Re: [v8 3/4] mm, oom: add cgroup v2 mount option for cgroup-aware OOM killer

From: Roman Gushchin
Date: Tue Sep 12 2017 - 16:01:50 EST


On Mon, Sep 11, 2017 at 01:48:39PM -0700, David Rientjes wrote:
> On Mon, 11 Sep 2017, Roman Gushchin wrote:
>
> > Add a "groupoom" cgroup v2 mount option to enable the cgroup-aware
> > OOM killer. If not set, the OOM selection is performed in
> > a "traditional" per-process way.
> >
> > The behavior can be changed dynamically by remounting the cgroupfs.
>
> I can't imagine that Tejun would be happy with a new mount option,
> especially when it's not required.
>
> OOM behavior does not need to be defined at mount time and for the entire
> hierarchy. It's possible to very easily implement a tunable as part of
> mem cgroup that is propagated to descendants and controls the oom scoring
> behavior for that hierarchy.
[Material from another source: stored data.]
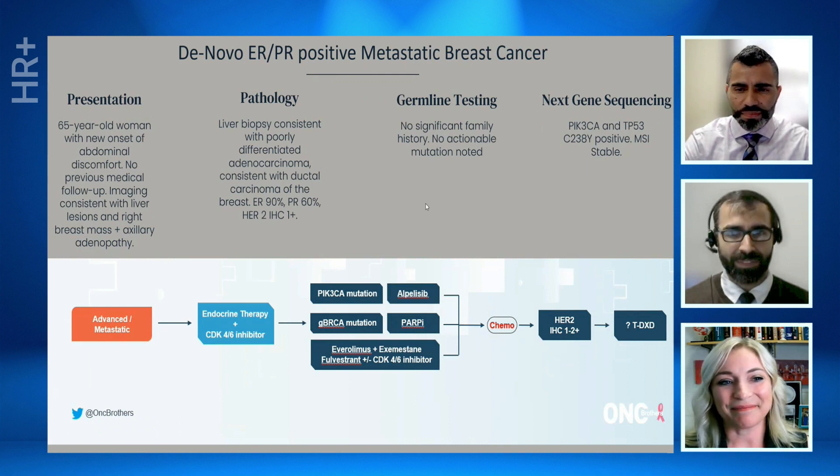Now let's dive into our second case from the community. Here we have a 65-year-old woman with de novo metastatic breast cancer — her liver biopsy revealed ER-positive, PR-positive, low HER2 invasive ductal carcinoma. Her NGS was consistent with a PIK3CA mutation and TP53 mutation. How would you treat this patient in your clinic, and especially now that we have data from all three CDK4/6 inhibitors post-ESMO, what would be your preferred agent?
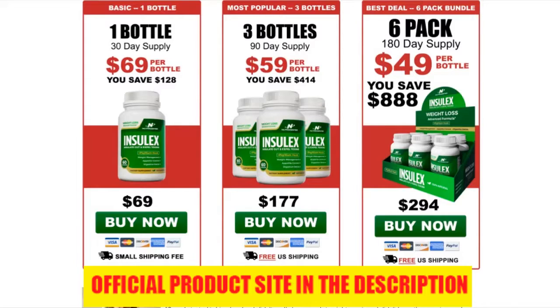Is Inselex supplement safe? Yes. It is made in the USA using a top-of-the-line FDA-approved facility along with GMP — Good Manufacturing Practice — to ensure that every capsule is of the absolutely highest quality.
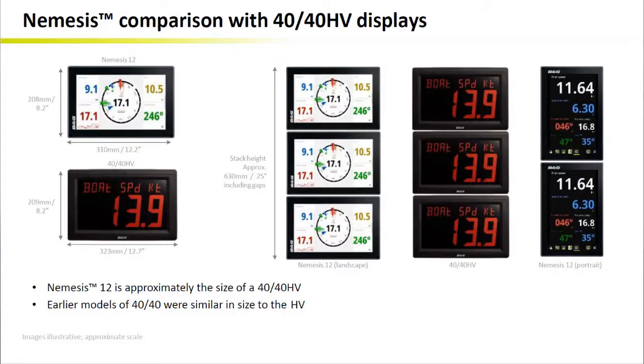Finally, let's compare Nemesis 12 with the 40-40s. Here we can see that Nemesis 12 is approximately the size of one 40-40 HV. The comparison and outcome would be very similar to what we saw before with the 30-30s or 2020s.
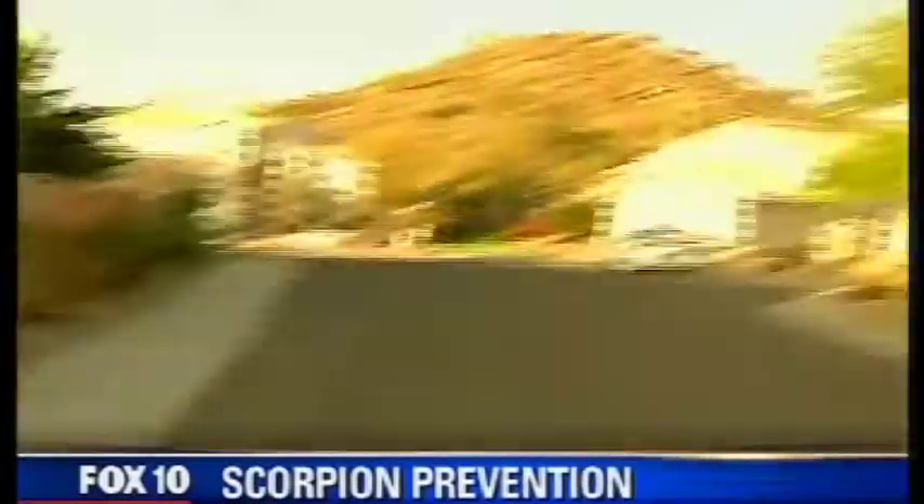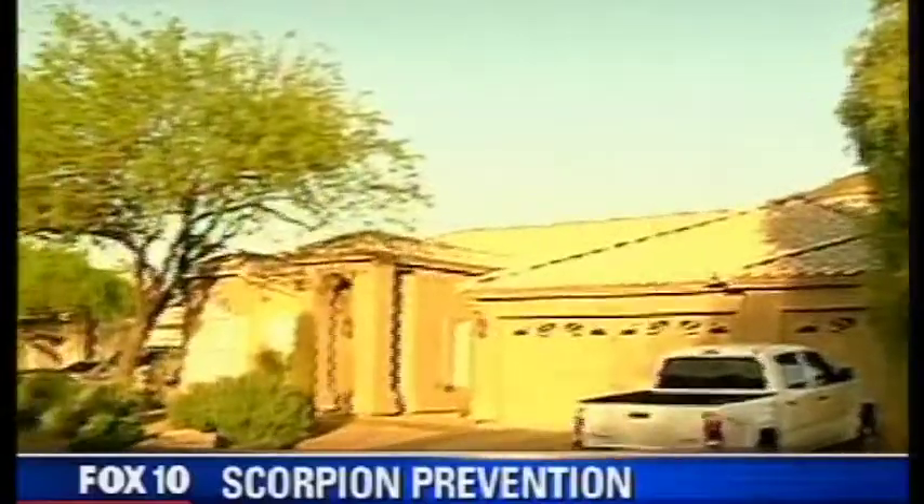A valley company has a new way to keep those scorpions at bay. Diane Ryan is learning more about it. Good morning, everyone. We're here in Ahwatukee. And as you can see, a lot of the homes here are right up against the mountains, and that's where scorpions live. And as it gets hotter, they like to go inside your house. Most of us use pesticides, but there's a new thing now coming out. We're meeting this man who has come up with this idea along with his wife.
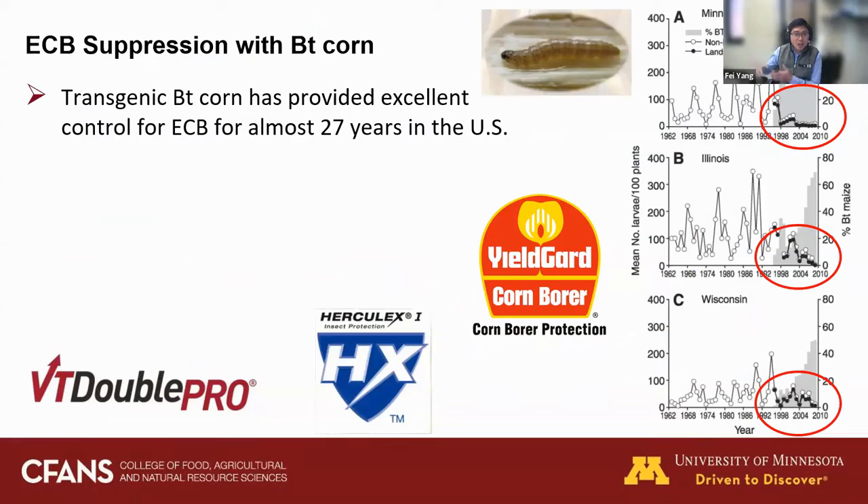ECB is not very common right now — you can seldom see it in your field because of Bt technology. On the right-hand side we can see ECB populations from Minnesota, Illinois, and Wisconsin before and after the introduction of Bt technology. The larva density is significantly reduced compared to before the introduction of Bt technology. Transgenic Bt corn has provided excellent control efficacy for ECB for almost 27 years, benefiting not only Bt corn growers but also non-Bt corn growers because the overall ECB population in the area is very low.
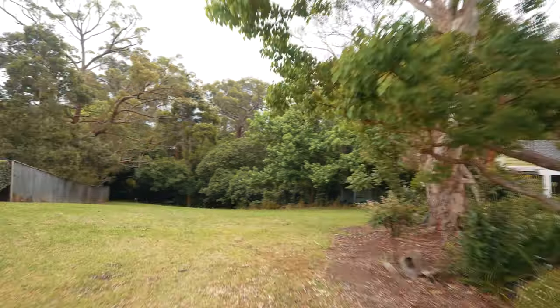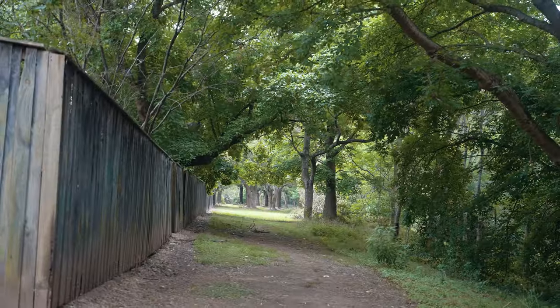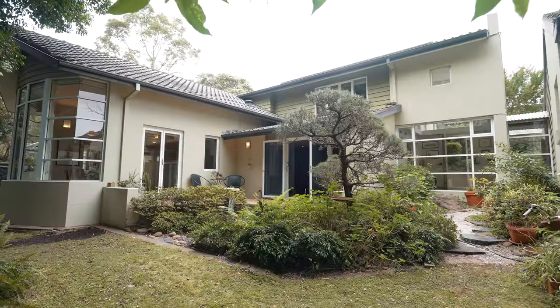Positioned on an ample 972 square metre block beside two permanent reserves, the home showcases divine Japanese inspired gardens and a serene bush outlook.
It does not need to be system wide and
> affect scoring of all processes based on which mem cgroup they are
> attached to at any given time.

No, I don't think that mixing per-cgroup and per-process OOM selection
algorithms is a good idea.

So, there are 3 reasonable options:
1) boot option
2) sysctl
3) cgroup mount option

I believe, 3) is better, because it allows changing the behavior dynamically,
and explicitly depends on v2 (what sysctl lacks).

So, the only question is should it be opt-in or opt-out option.
Personally, I would prefer opt-out, but Michal has a very strong opinion here.

Thanks!